▸ **Exercise**: Although the data holds pictures, return only the lines from the one containing "[BUNJANG] Valentino Navy" to the end, exactly, and without them.

▸ **Data below**:
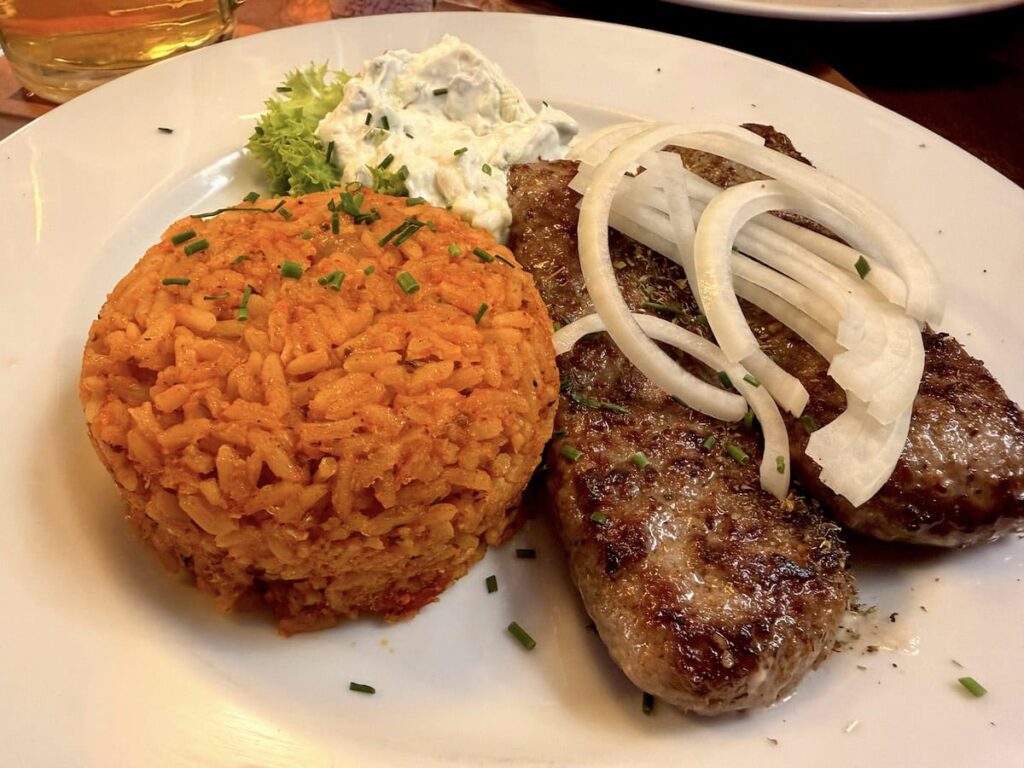 Bifteki mit Tomatenreis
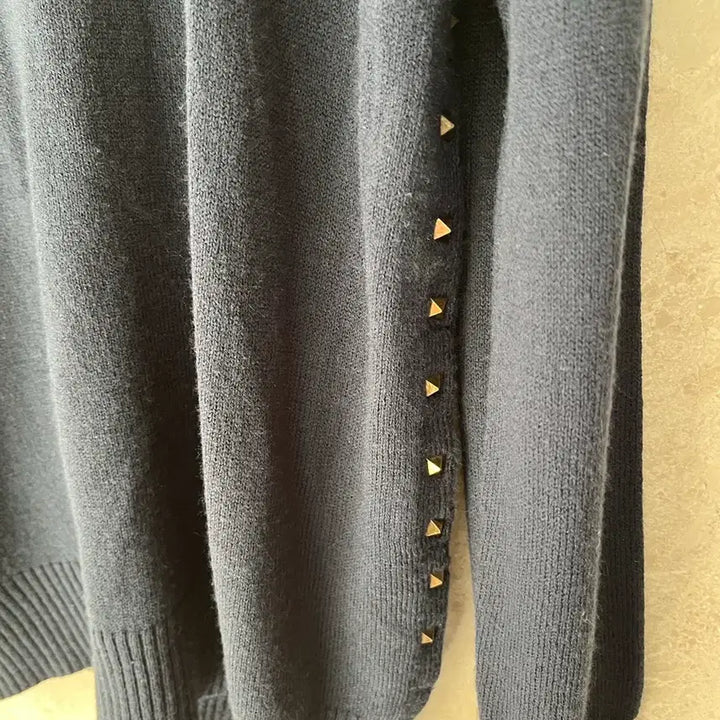 [BUNJANG] Valentino Navy Studded Knit Sweater / 발렌티노 네이비 스터드 장식 니트 L 정품
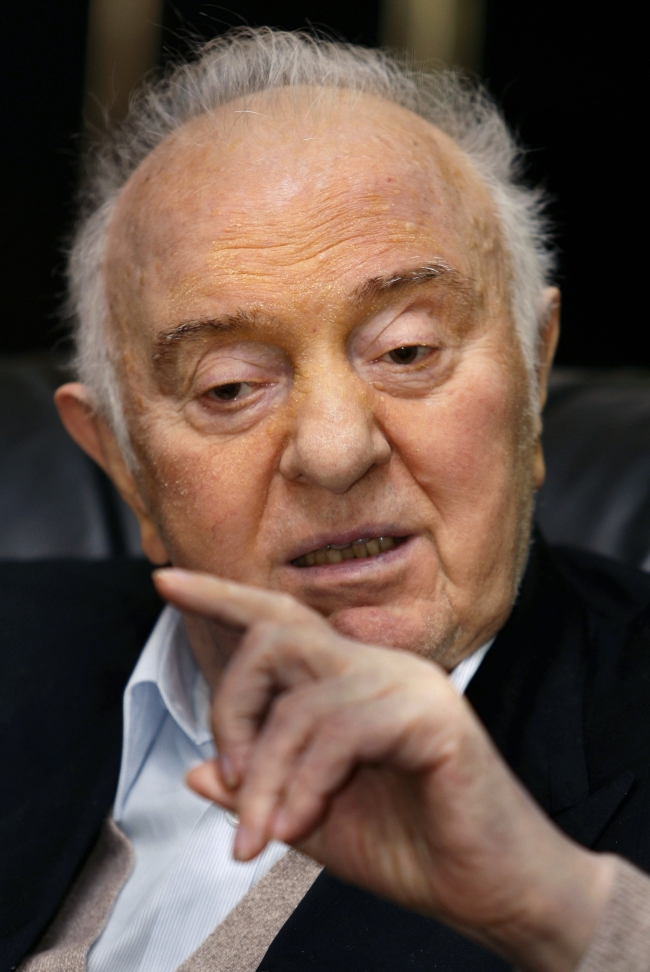 Eduard Shevardnadze.   AP-Yonhap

▸ **Solved exercise**:
 [BUNJANG] Valentino Navy Studded Knit Sweater / 발렌티노 네이비 스터드 장식 니트 L 정품
 Eduard Shevardnadze.   AP-Yonhap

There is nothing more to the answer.